• Data section
━━━━

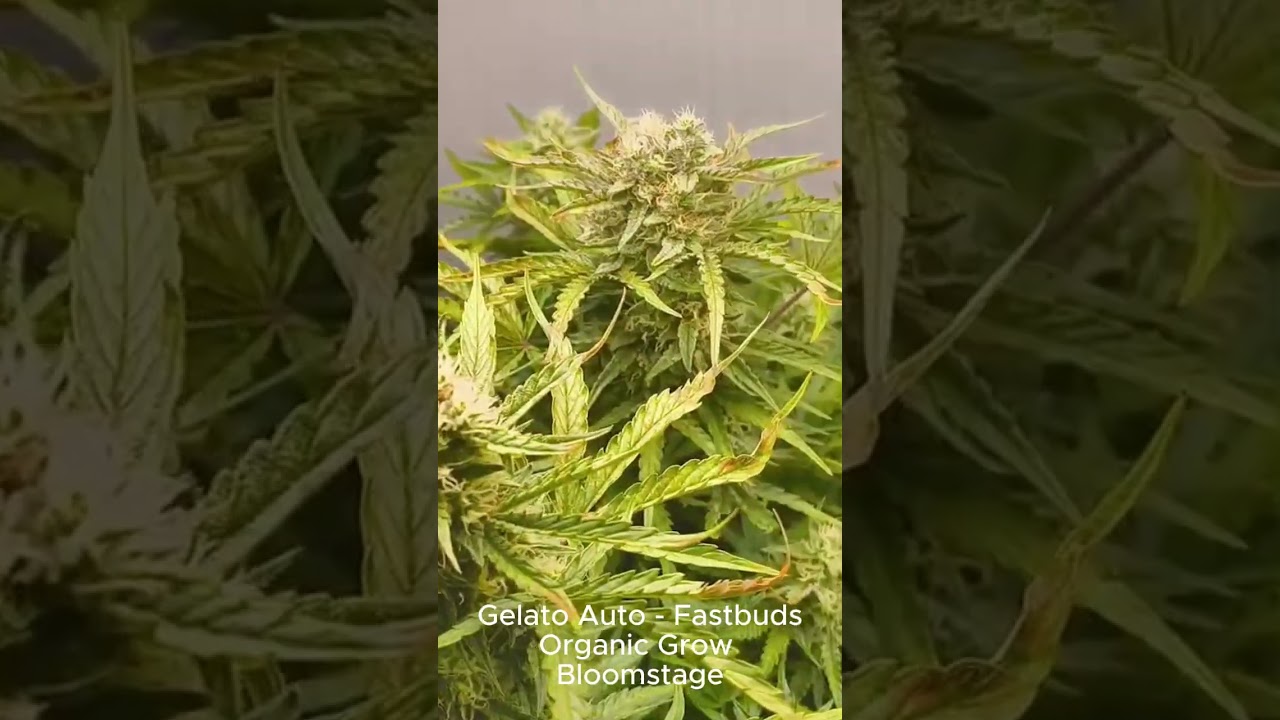 Organic Cannabis Grow 🌱 Gelato Auto | Flowering Stage 
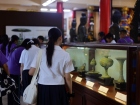 ยินดีต้อนรับคณาจารย์และนักเรียน จากโครงการแลกเปลี่ยนการศึกษา ... Image 548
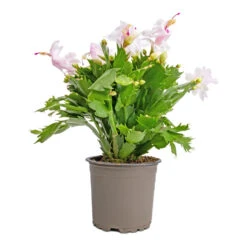 Schlumbergera - Christmas Cactus - White -Plants Sale Store Schlumbergera Christmas Cactus White 12x25cm 2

━━━━

• Task brief
The range to transcribe runs from the line holding "ยินดีต้อนรับคณาจารย์และนักเรียน จากโครงการแลกเปลี่ยนการศึกษา ..." through the final line of the data above; copy it exactly and exclude the pictures.

• Exercise output
 ยินดีต้อนรับคณาจารย์และนักเรียน จากโครงการแลกเปลี่ยนการศึกษา ... Image 548
 Schlumbergera - Christmas Cactus - White -Plants Sale Store Schlumbergera Christmas Cactus White 12x25cm 2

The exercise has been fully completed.